Native thread implementations avoid this inefficiency by maintaining multiple stacks and switching between them. Joe's post is a very detailed description of his "heap stacks", which bring this approach to Ruby 1.8.x.
The performance improvements are significant, ranging from 2x increases up to ~10x increases, which bring the benchmark results close to the results of 1.9.1.
Patched versions of the code are available on GitHub: for 1.8.6 and for 1.8.7.
The Heap Stacks solution is yet another attempt to eradicate the biggest inefficiencies of Ruby 1.8.x, along with the MBARI patches which fixed some long standing issues with continuations and the GC.
Another path to better Ruby performance is taken by the MacRuby project, which has recently started work on an LLVM based VM. Some of that work has now been used to create an Ahead Of Time (AOT) compiler for Ruby.
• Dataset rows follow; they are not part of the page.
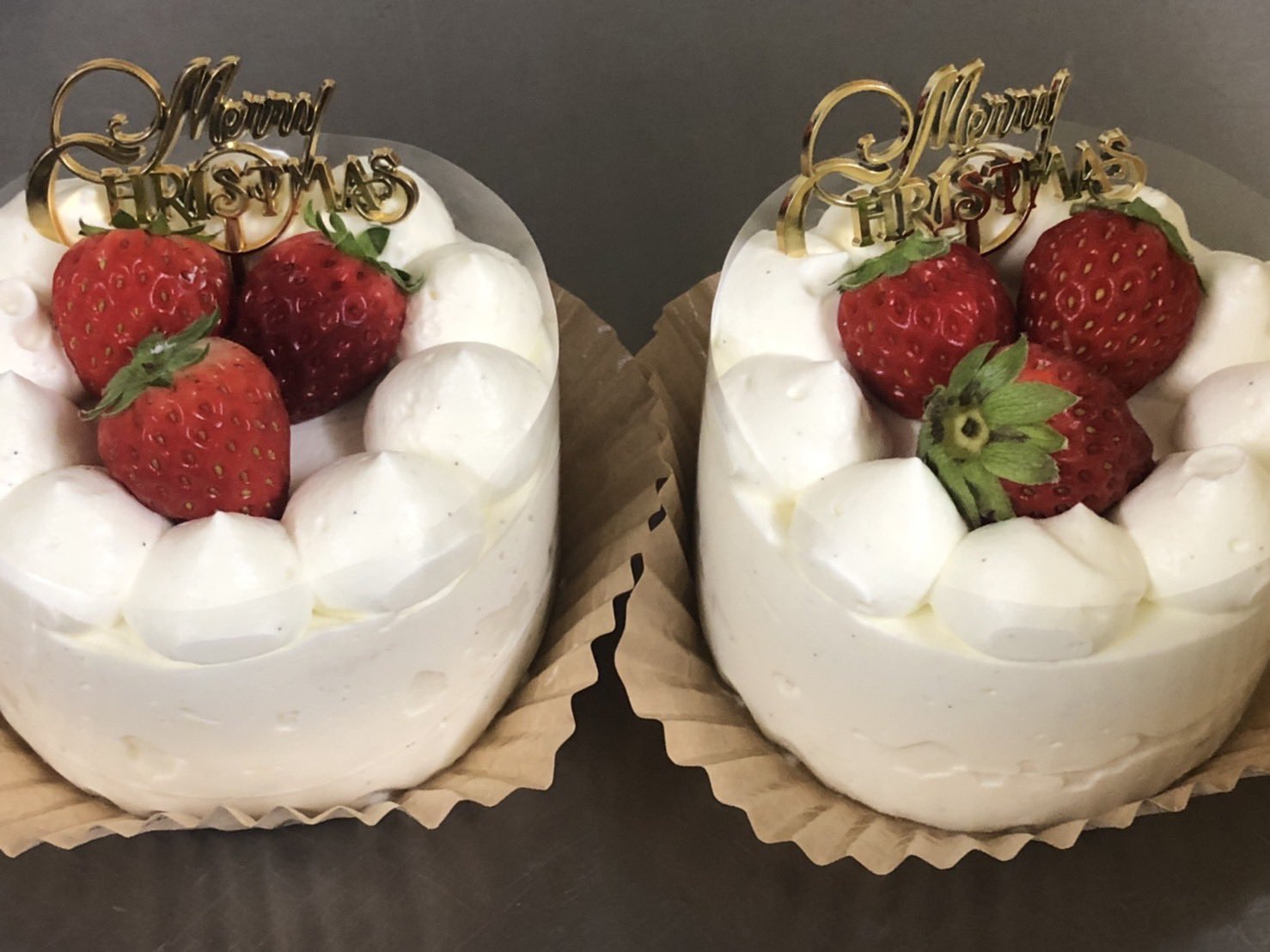 ヌンクヌスク 鶴舞公園 メリークリスマス 小さなホールケーキ 限定で販売してます T Co Brggh38boe Twitter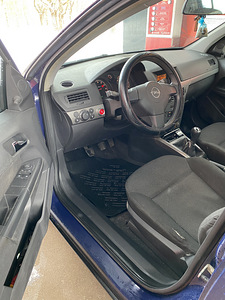 Опель астра (4 фото из 12)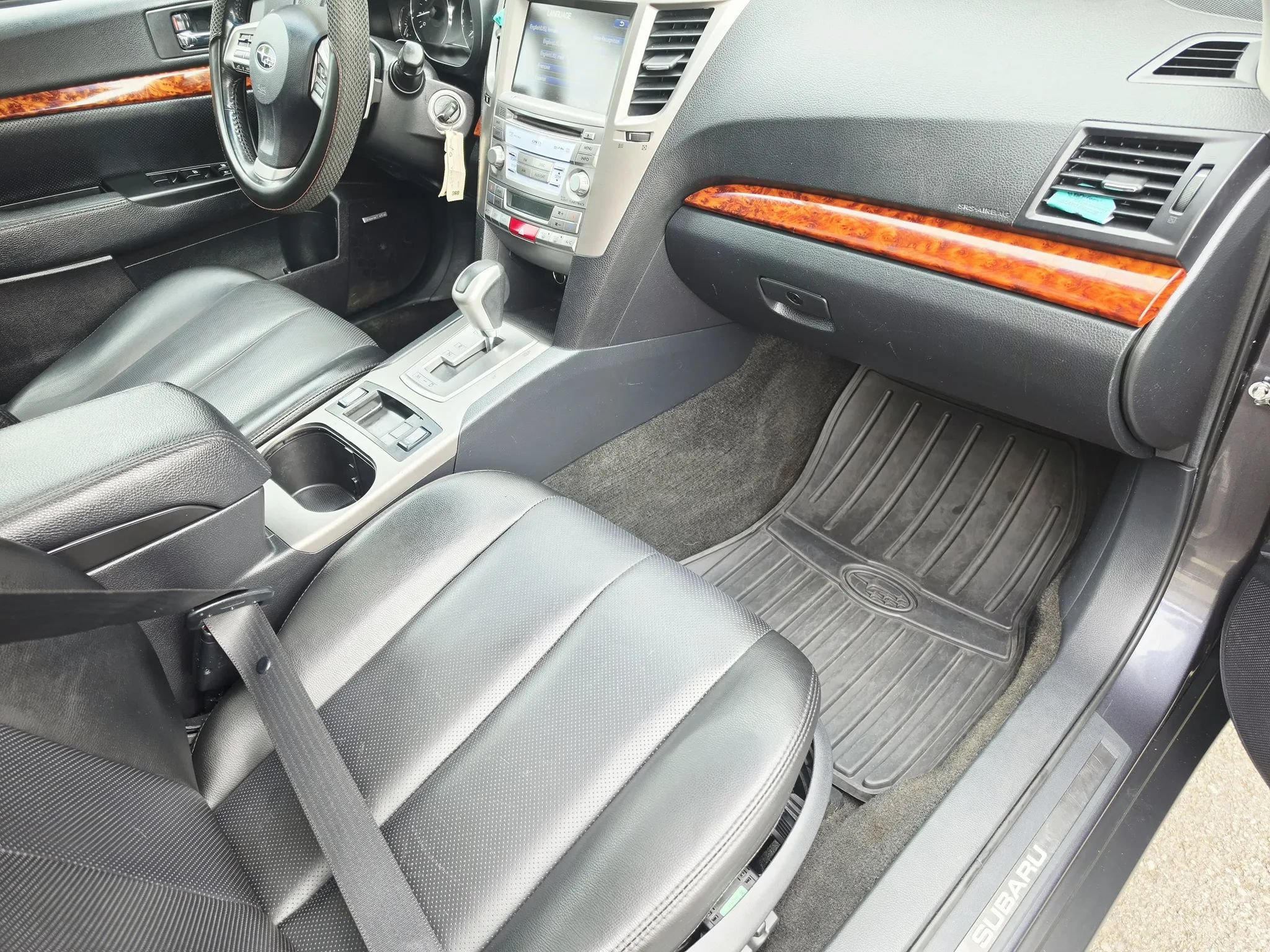 Used 2012 Subaru Outback 2.5i Limited AWD/4WD image 11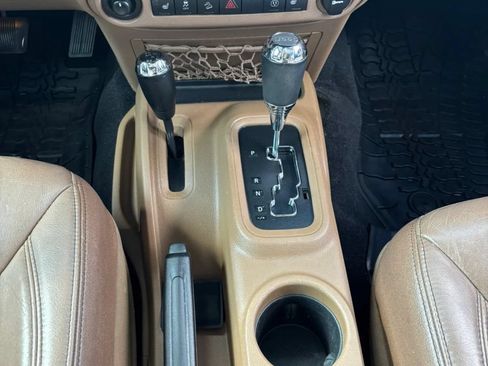 Used 2017 Jeep Wrangler Unlimited Sahara w/ Max Tow Package AWD/4WD image 10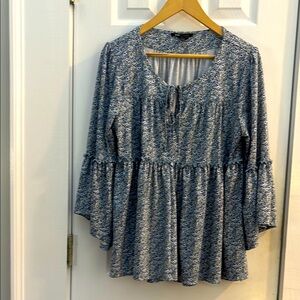 Robert Louis Baby Doll style Women's Blue Mini floral top - size L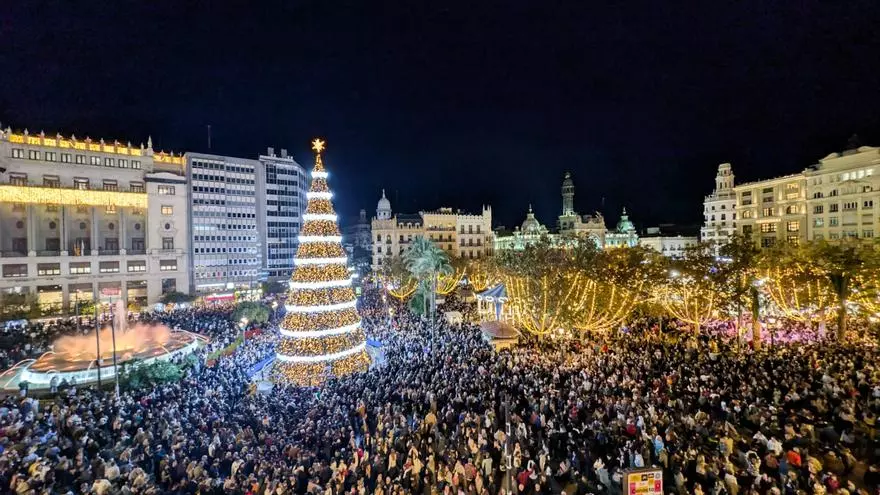 Supersábado en València: El efecto prenavidad y el puente desbordan el centro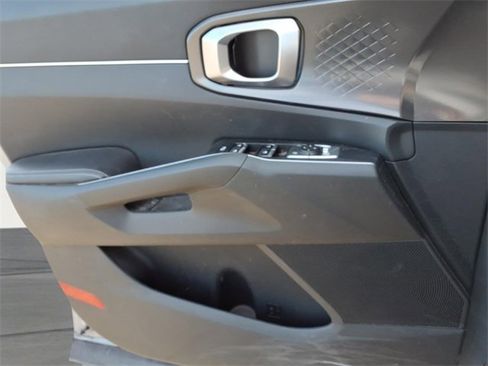 Used 2023 Kia Sorento LX image 18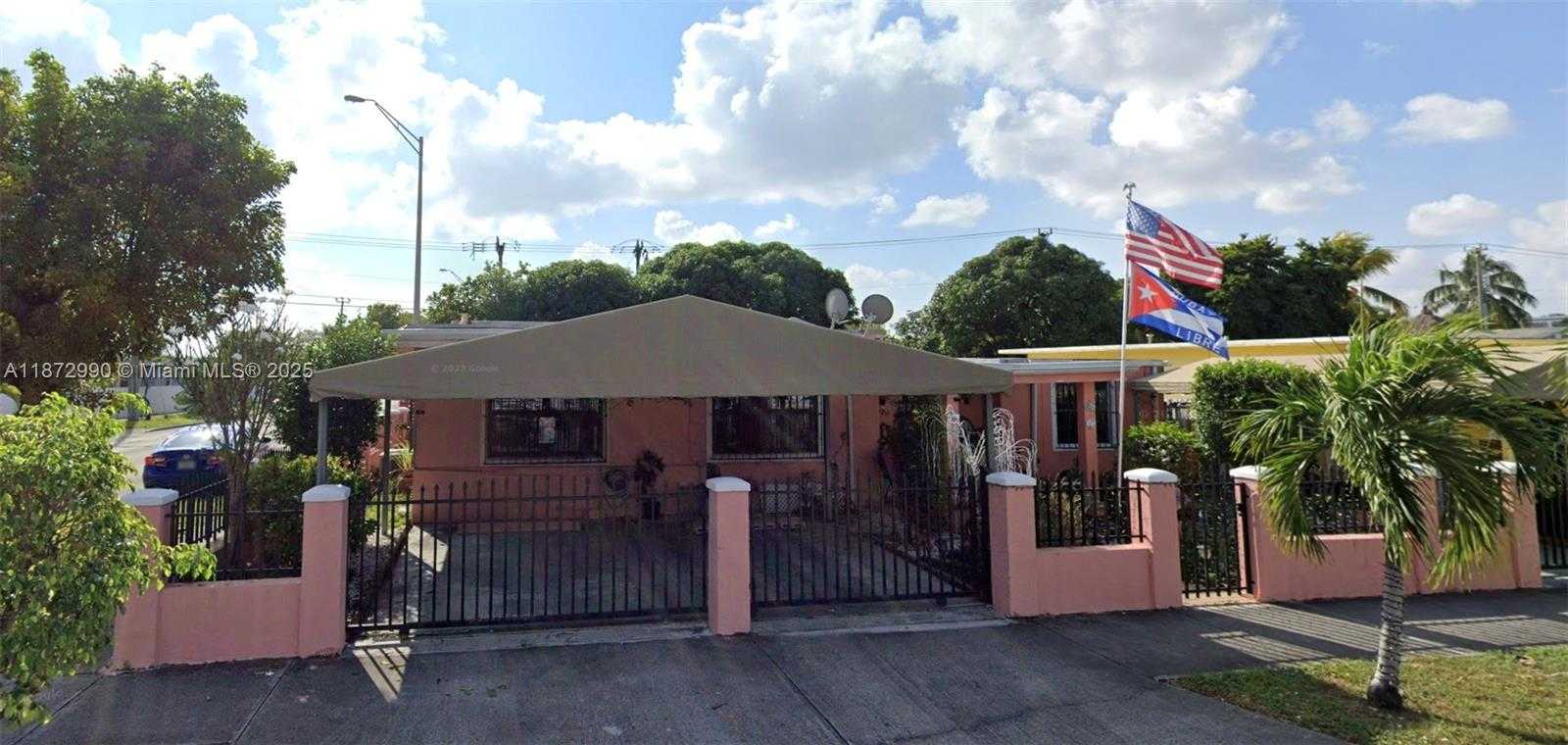 Small Image of 890 EAST 28TH ST, Hialeah Number 2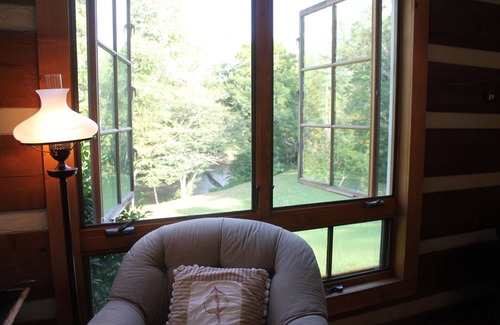 Sparta Cabin | Blue Ridge Mountain 'Solitude' on The Little River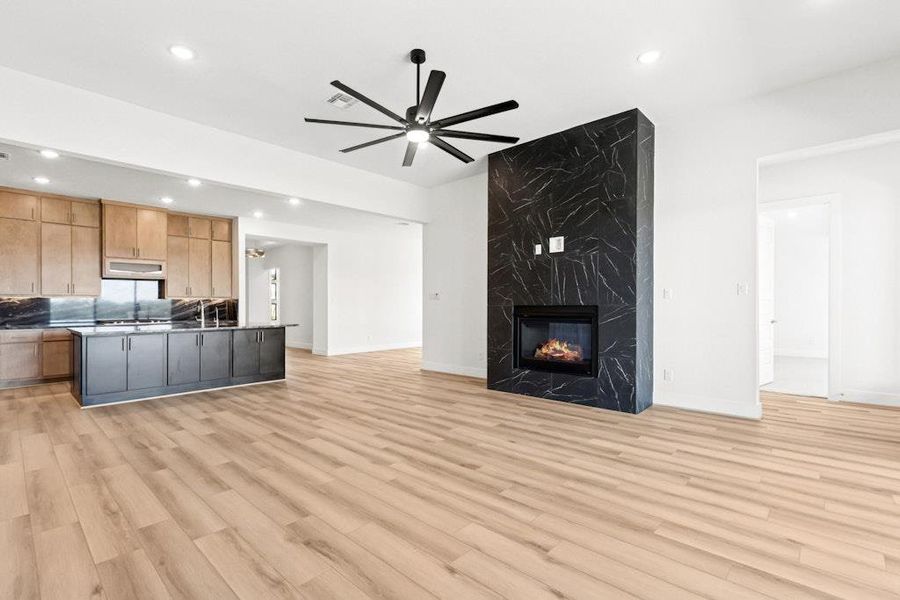 Spacious, unfurnished interior of a new home in Leander Estates, Leander (Image 16). Spacious, unfurnished interior of a new home in Leander Estates, Leander (Image 16).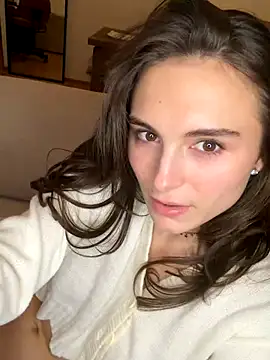 SophiiaStarr live sex cam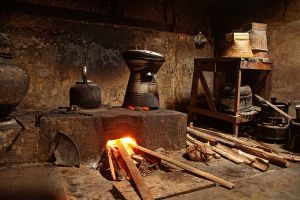 Tak ada makanan di meja, ayah ini lempar bayinya ke tungku menyala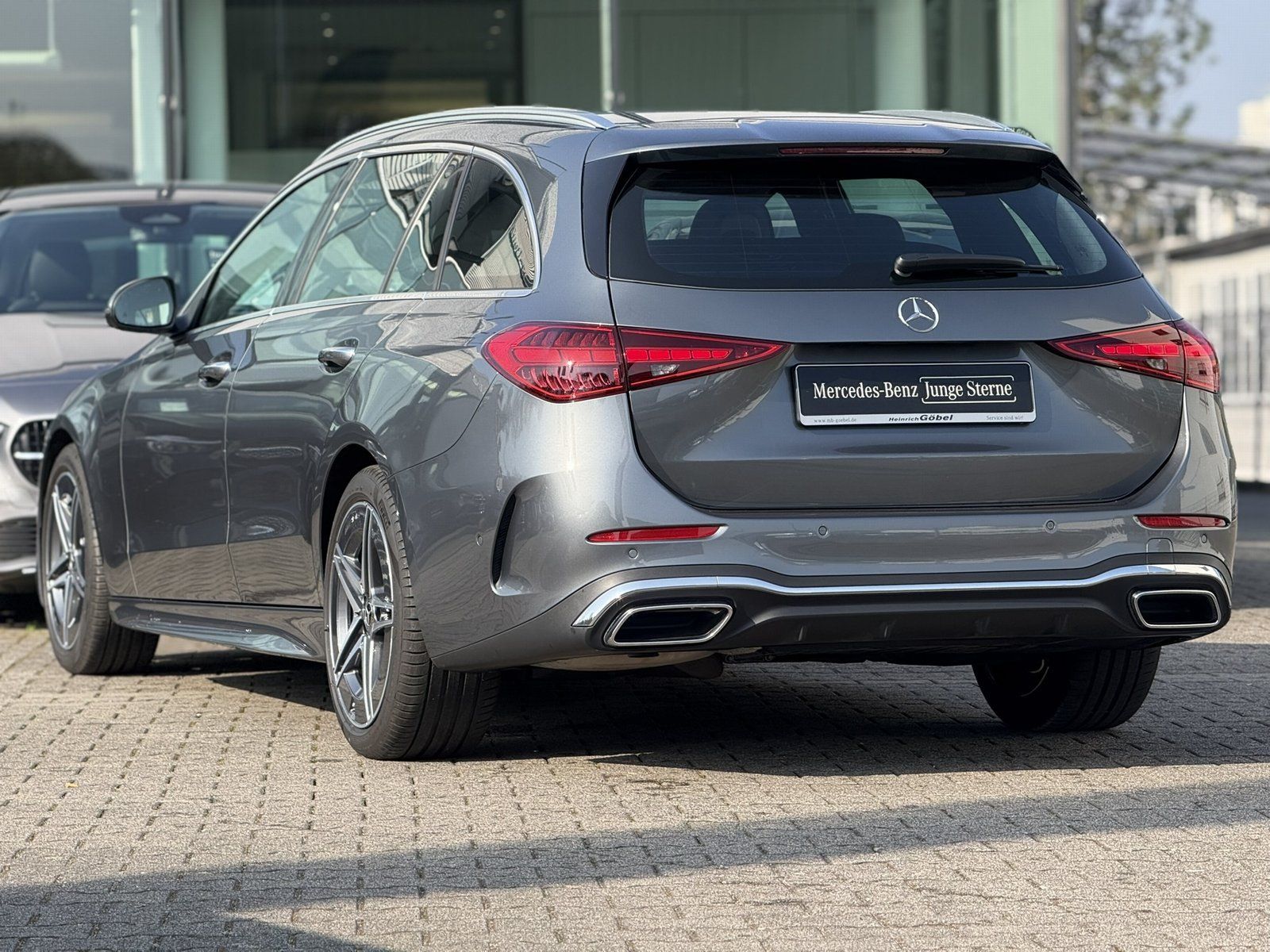 Fahrzeugabbildung Mercedes-Benz C 200 T AMG*DISTRONIC*360°*DIGITALLIGHT*KEYLESS*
AOT here is in contrast to Just In Time compilers, ie. instead of compiling at runtime, an AOT compiler run generates an executable out of the source code:
The expression is compiled into LLVM IR, then bitcode, then assembly, then machine code. True compilation :-)
There are many scenarios where this is useful:
It will be useful for 1) code obfuscation 2) use Ruby on environments where dynamic code generation is not allowed
Finally, profilers are a way to figure out bottlenecks in applications. Ryan Davis updated his zenprofile profiler, which uses event hooks in the Ruby runtime as efficient way to track method invocations. Zenprofile has been around for some time, but the updated version now relies on the event_hook gem, which factors out the native code necessary for setting up the hooks. By using event_hook, it's now possible to write pure Ruby event hooks instead of having to write native code to hook into the Ruby interpreter. Zenprofile makes use of that by offering a pure Ruby version of it's profiling logic, and a faster version which uses RubyInline and C for the native code.
A quick look at the zenprofile code shows that using event_hook is as easy as extending the
EventHook class, overriding a few methods such as
def self.process event, obj, method, klass to capture the events.
Zenprofile also offers the
spy_on feature, which can be used to focus on the performance of individual methods. The feature can be configured with Ruby code; eg. to focus on
Integer#downto, here an example from
require 'spy_on' Integer.spy_on :downto